- Ratusan buruh dan tukang yang terlibat dalam pembangunan hunian sementara (huntara) bagi penyintas banjir di Kabupaten Aceh Utara mengeluhkan tunggakan upah yang hingga kini belum dibayarkan, meski pekerjaan telah selesai beberapa bulan lalu dan unit huntara sudah ditempati warga.
- Persoalan ini bahkan telah diadukan langsung kepada anggota DPD RI asal Aceh, H Sudirman atau yang akrab disapa Haji Uma, pada Sabtu (9/5/2026) di Lhokseumawe.
- Para pekerja mengaku sisa pembayaran proyek tersebut belum dilunasi oleh pihak rekanan.
Kabartujuh – Lhokseumawe
Ratusan buruh dan tukang yang terlibat dalam pembangunan hunian sementara (huntara) bagi penyintas banjir di Kabupaten Aceh Utara mengeluhkan tunggakan upah yang hingga kini belum dibayarkan, meski pekerjaan telah selesai beberapa bulan lalu dan unit huntara sudah ditempati warga.
Persoalan ini bahkan telah diadukan langsung kepada anggota DPD RI asal Aceh, H Sudirman atau yang akrab disapa Haji Uma, pada Sabtu (9/5/2026) di Lhokseumawe.
Para pekerja mengaku sisa pembayaran proyek tersebut belum dilunasi oleh pihak rekanan. Total tunggakan yang diperkirakan belum dibayarkan mencapai sekitar Rp115,5 juta rupiah, dengan jumlah pekerja terdampak lebih dari 57 orang di dua kecamatan, yakni Kecamatan Lapang dan Kecamatan Seunuddon.
Pembangunan huntara tersebut merupakan bantuan pemerintah pusat melalui Badan Nasional Penanggulangan Bencana (BNPB). Pekerjaan dimulai sejak awal hingga akhir Januari 2026 di beberapa titik, kemudian dilanjutkan di Februari dan Maret 2026. Namun setelah proyek rampung, pembayaran upah disebut belum diselesaikan.

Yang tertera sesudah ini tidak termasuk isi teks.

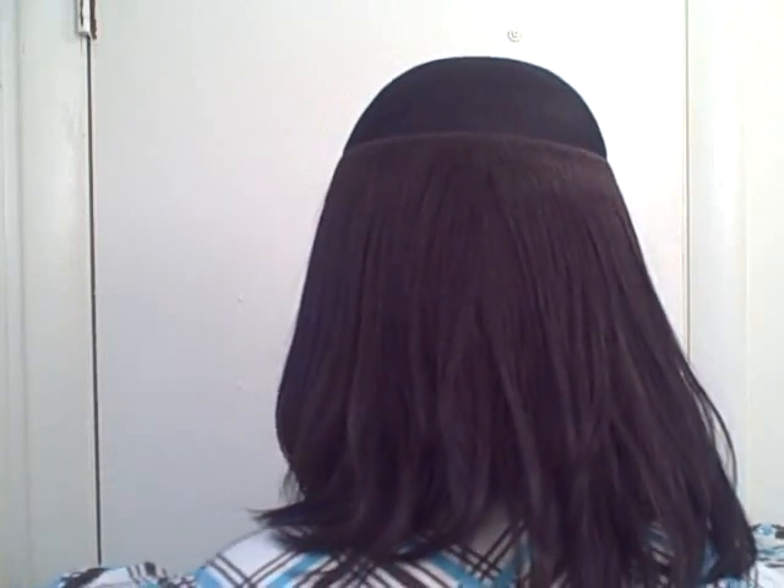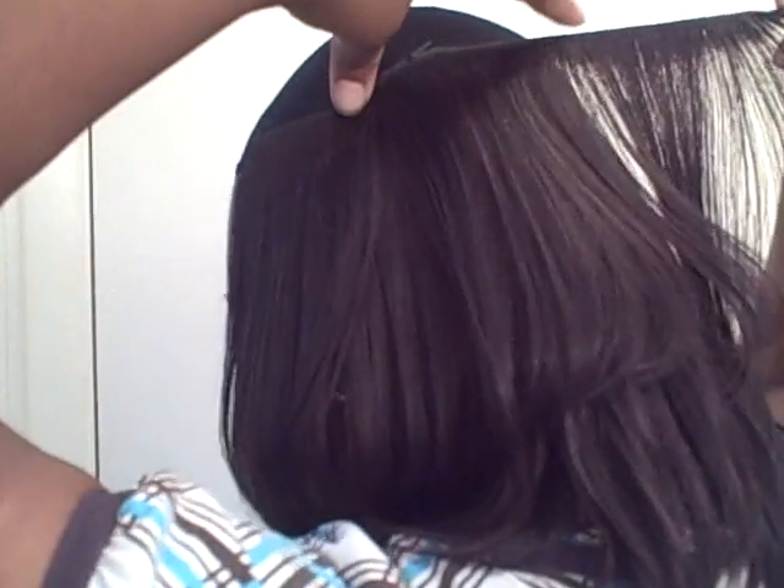I'm going to put a couple of pieces in the back — shorter pieces because I'm not getting the arch that I want back there. See how it's going straight? So I'm going to start putting a couple of tracks, making sure to go along with the lines so that the hair can lay right and still look layered, even though I'm adding extra tracks back there. It should have more of an arch coming like that.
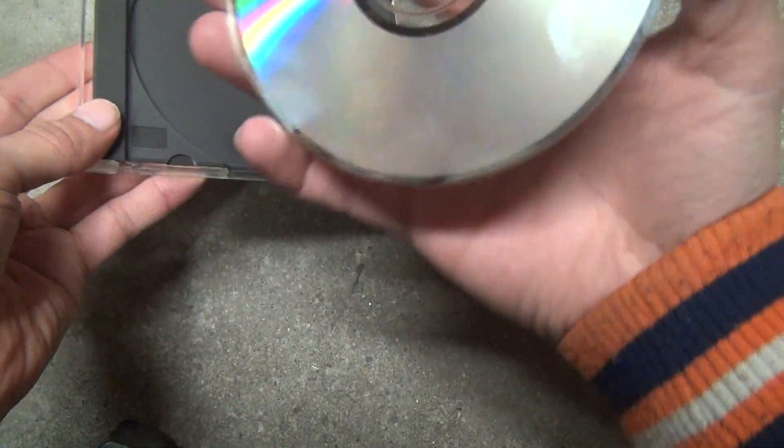It has some weird stuff on it — it looks like fingerprints. Let me see if I can wipe it off. Yeah, you can wipe it off. It's salvageable.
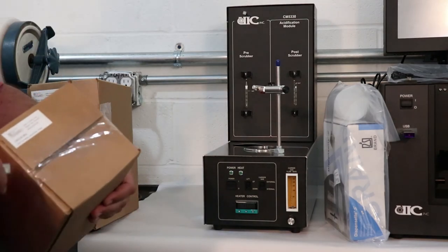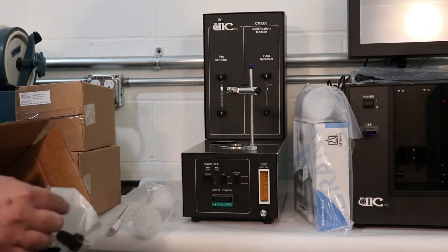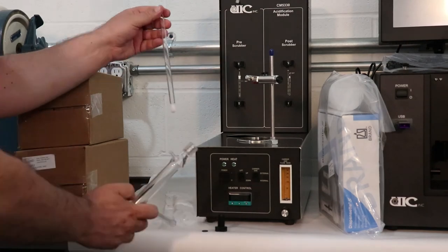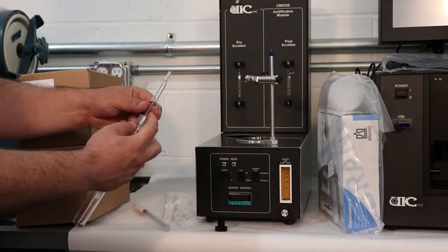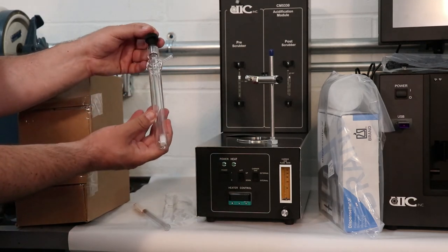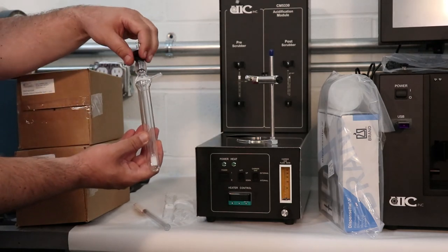Pre-scrubber. Carefully unpack all the glassware. We will start with the pre-scrubber. Unpack the pre-scrubber body, dispersion tube, and the black threaded bushing with the o-ring. Place the o-ring supplied with the black threaded bushing over the open end of the dispersion tube and insert this tube into the pre-scrubber body. Adjust the o-ring on the dispersion tube so that the tube is just above the bottom of the pre-scrubber body, and tighten the threaded bushing over the dispersion tube to seal the entire assembly.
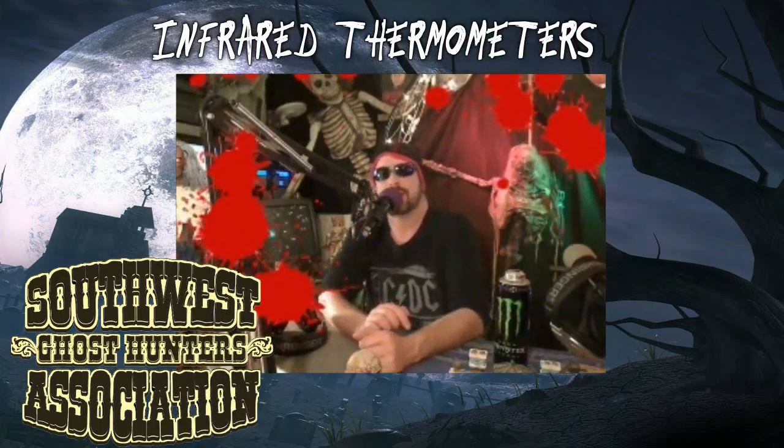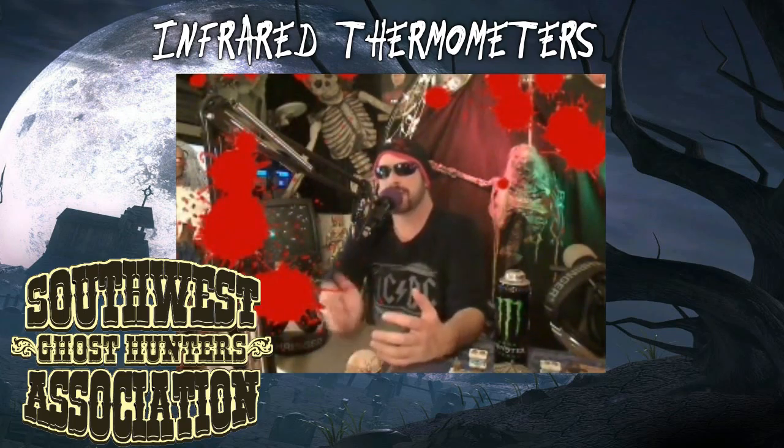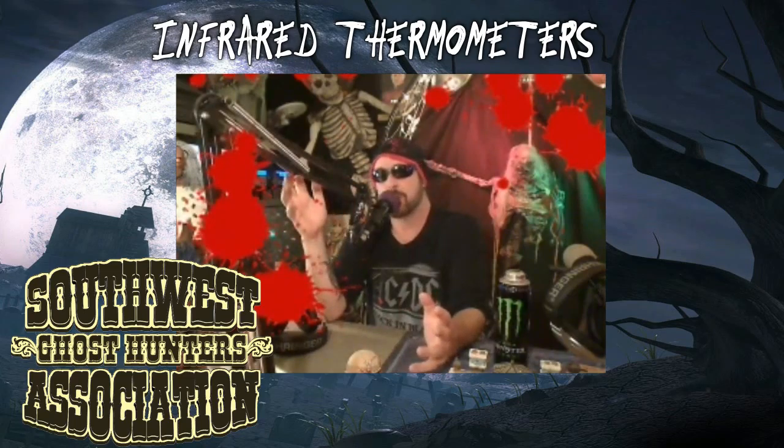Okay, this week on the hit list, I want to continue with more instrumentation that ghost hunters use that is absolutely worthless.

Di Kecamatan Lapang, pembangunan tersebar di sejumlah desa, di antaranya Desa Matang Baroh sebanyak tujuh kopel, Kuala Keureuto empat kopel, Kuala Cangkoi 17 kopel, serta dua kopel di Keude Lapang. Selain itu, terdapat tiga unit huntara tambahan yang dibangun di atas tanah milik penyintas banjir. Satu kopel terdiri dari lima kamar huntara, dengan nilai awal pekerjaan sekitar Rp15 juta per kopel yang kemudian mengalami penyesuaian menjadi Rp14 juta hingga Rp13 juta pada tahap berikutnya.
Salah satu tukang, Muslem, yang merupakan warga Aceh Timur, mengaku belum menerima pelunasan sebesar Rp38 juta. Ia menyebut rekan lainnya juga mengalami hal serupa, di antaranya Faisal asal Lhokseumawe sebesar Rp35 juta, M Nasir asal Lhoksukon Rp30 juta, Hanafi Rp10 juta, serta Jamal Rp2,5 juta.

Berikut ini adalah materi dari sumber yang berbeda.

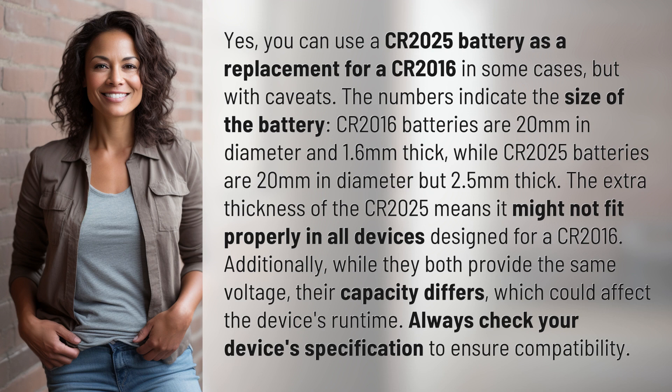The extra thickness of the CR2025 means it might not fit properly in all devices designed for a CR2016. Additionally, while they both provide the same voltage, their capacity differs, which could affect the device's runtime. Always check your device's specifications to ensure compatibility.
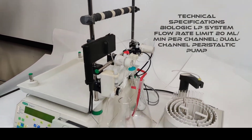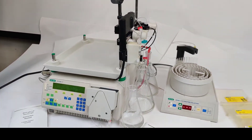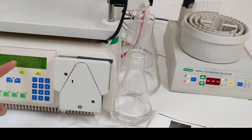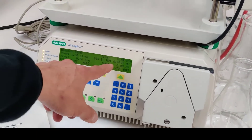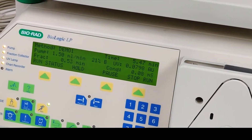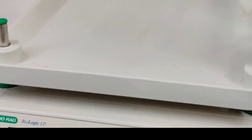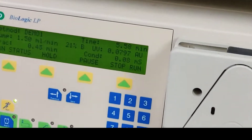So we are pumping into our system. This is buffer A and B. Here you see the flows, the settings, the rating of your UV, and the conductivity in millisiemens.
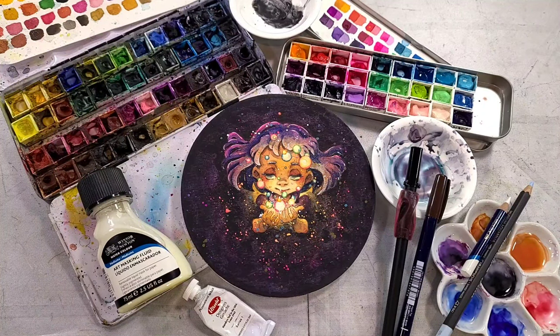Hey there art nerds! I have another watercolor tutorial for you guys today and this one is really fun. We're going to be using neon and granulating pigments to create this magical watercolor illustration.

Sementara itu, berdasarkan data lainnya, di Kecamatan Seunuddon terdapat 14 unit huntara dengan melibatkan sejumlah kepala pekerja dan anggota tim. Di wilayah ini, tunggakan upah diperkirakan mencapai sekitar Rp30 juta. Adapun di wilayah Sawang dan Sawang Krueng Mane, total tunggakan disebut juga mencapai sekitar Rp30 juta. Di Kecamatan Sawang sendiri, nilai tunggakan bahkan diperkirakan mencapai Rp150 juta.

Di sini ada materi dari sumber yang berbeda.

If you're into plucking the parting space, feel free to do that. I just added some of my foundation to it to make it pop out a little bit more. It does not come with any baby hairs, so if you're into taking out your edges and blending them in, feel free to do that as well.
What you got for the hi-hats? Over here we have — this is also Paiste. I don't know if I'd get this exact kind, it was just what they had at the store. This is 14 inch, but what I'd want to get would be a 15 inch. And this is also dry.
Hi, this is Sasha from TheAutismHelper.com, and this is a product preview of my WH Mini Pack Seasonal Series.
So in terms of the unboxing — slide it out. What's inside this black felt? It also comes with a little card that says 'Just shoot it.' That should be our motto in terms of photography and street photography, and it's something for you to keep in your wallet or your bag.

Para pekerja menyebut telah berulang kali menanyakan hak mereka kepada pihak terkait, namun hanya menerima janji yang terus diundur. “Setiap ditanya, selalu dijanjikan minggu depan atau pada tanggal tertentu, tetapi sampai sekarang belum terealisasi,” ungkap salah seorang pekerja.
Mereka berharap ada perhatian dan penyelesaian segera terhadap persoalan tersebut, mengingat proyek huntara merupakan bagian dari upaya pemulihan pascabencana yang seharusnya tidak menimbulkan masalah baru, terutama bagi para pekerja yang telah menyelesaikan kewajiban mereka di lapangan.
Dalam pertemuan pengaduan tersebut, Haji Uma turut didampingi stafnya, Mulyadi Syarif dan Hamdani, dan menerima langsung keluhan para pekerja untuk ditindaklanjuti sesuai mekanisme yang berlaku.
Para buruh dan tukang berharap kejelasan pembayaran dapat segera diberikan agar hak mereka dapat terpenuhi dan persoalan ini tidak berlarut-larut.